Il n’existe que peu d’études incluant un nombre suffisant de personnes et représentatives de la population française, permettant d’estimer la prévalence des troubles musculosquelettiques (TMS), difficiles à identifier dans les bases de données médico-économiques. « En France, nous manquons d’informations sur la prévalence des TMS. À ce titre, la cohorte Constances (1) est intéressante pour obtenir des données. Il s’agit d’une cohorte épidémiologique généraliste, constituée d’un échantillon représentatif d’adultes âgés de 18 à 69 ans, tirés au sort parmi les assurés du régime général de la Sécurité sociale », explique le Dr Florian Bailly (rhumatologue au centre de la douleur, hôpital Pitié-Salpêtrière à Paris). Les données de prévalence obtenues, après redressement par les coefficients de pondération, sont issues de questionnaires remplis à l’inclusion, dont l’un est dérivé du Nordic Musculoskeletal Questionnaire. Un syndrome douloureux diffus chronique a été défini par des douleurs dans au moins quatre des six zones (lombaire, cervicale, épaule, genou, main, coude), pendant plus de 30 jours au cours des douze derniers mois. Les douleurs chroniques modérées à sévères correspondent à une cotation d’au moins quatre sur dix, sur une échelle numérique de la douleur au moment du questionnaire.
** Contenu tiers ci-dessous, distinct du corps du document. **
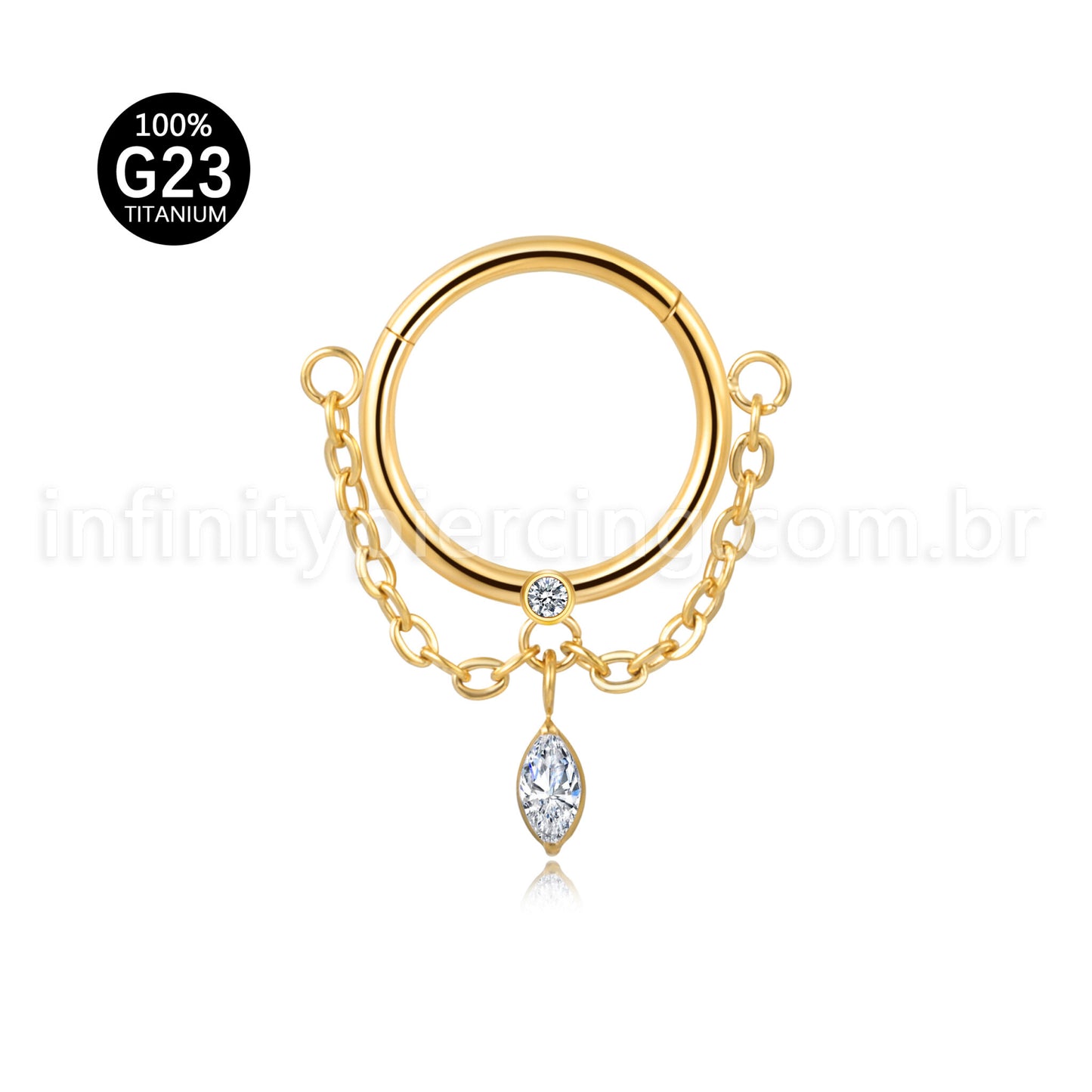 Piercing Argola Titânio Com Corrente Pingente Zircônia Cravejada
Lombalgie, gonalgie et cervicalgie en tête
Au total, 104 247 personnes ont été incluses entre 2013 et 2017. La prévalence annuelle des syndromes douloureux diffus était de 7,5 % (7,3-7,7). « Les douleurs lombaires étaient la localisation la plus fréquente. Au cours des douze derniers mois, elles étaient permanentes chez 13,65 % des participants et présentes pendant plus de 30 jours dans 13,36 % des cas. Au total, 27 % de Français souffraient donc de lombalgies chroniques et douloureuses. La prévalence des douleurs chroniques modérées à sévères (échelle visuelle analogique [EVA] ≥ 4) était de 18,6 % (18,4-18,9) pour la lombalgie », souligne le Dr Florian Bailly. La prévalence estimée de chirurgie lombaire était de 4,2 % (4,1-4,4) et celle des changements de poste de travail pour problème lombaire de 3,5 % (3,4-3,6).
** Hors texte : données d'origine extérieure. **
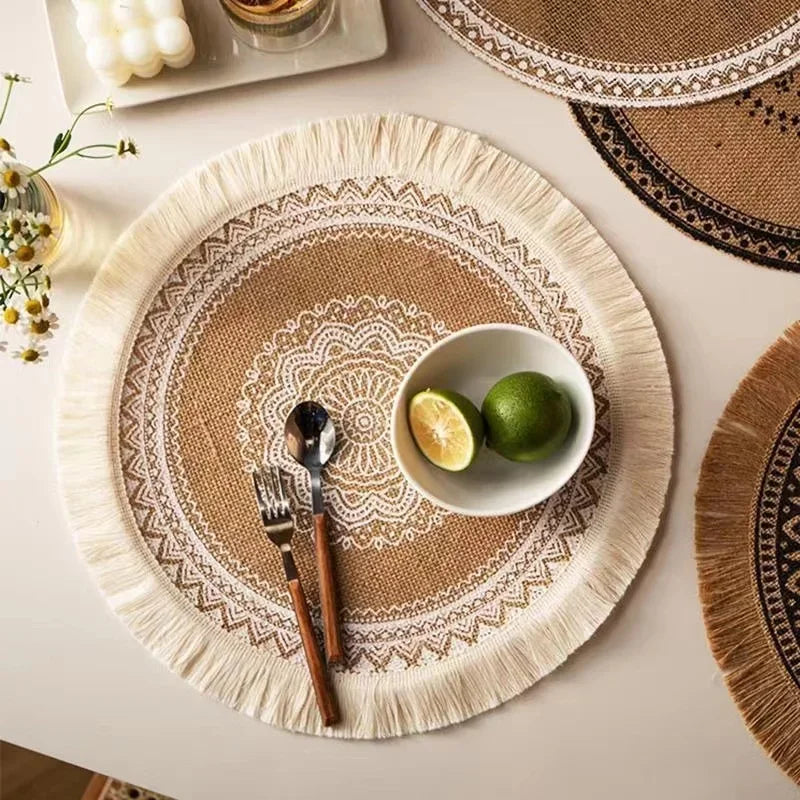Jute Boho Anti Slip Placemat Set Rustic Design-Kitchen & Dining > Placemats-casanuva-casanuva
En deuxième position, on trouve les gonalgies avec près de 21 % de la population en souffrance de façon chronique (plus de 30 jours au cours des douze derniers mois), et dans 13 % des cas, la douleur est modérée à sévère. De plus, 17,5 % de la population française souffre de cervicalgies chroniques, avec une douleur (EVA ≥ 4) dans près de 11,5 % des cas. Les scapulalgies étaient présentes de façon chronique chez 17,6 % des Français et les douleurs chroniques des mains et des poignets chez 15,7 %.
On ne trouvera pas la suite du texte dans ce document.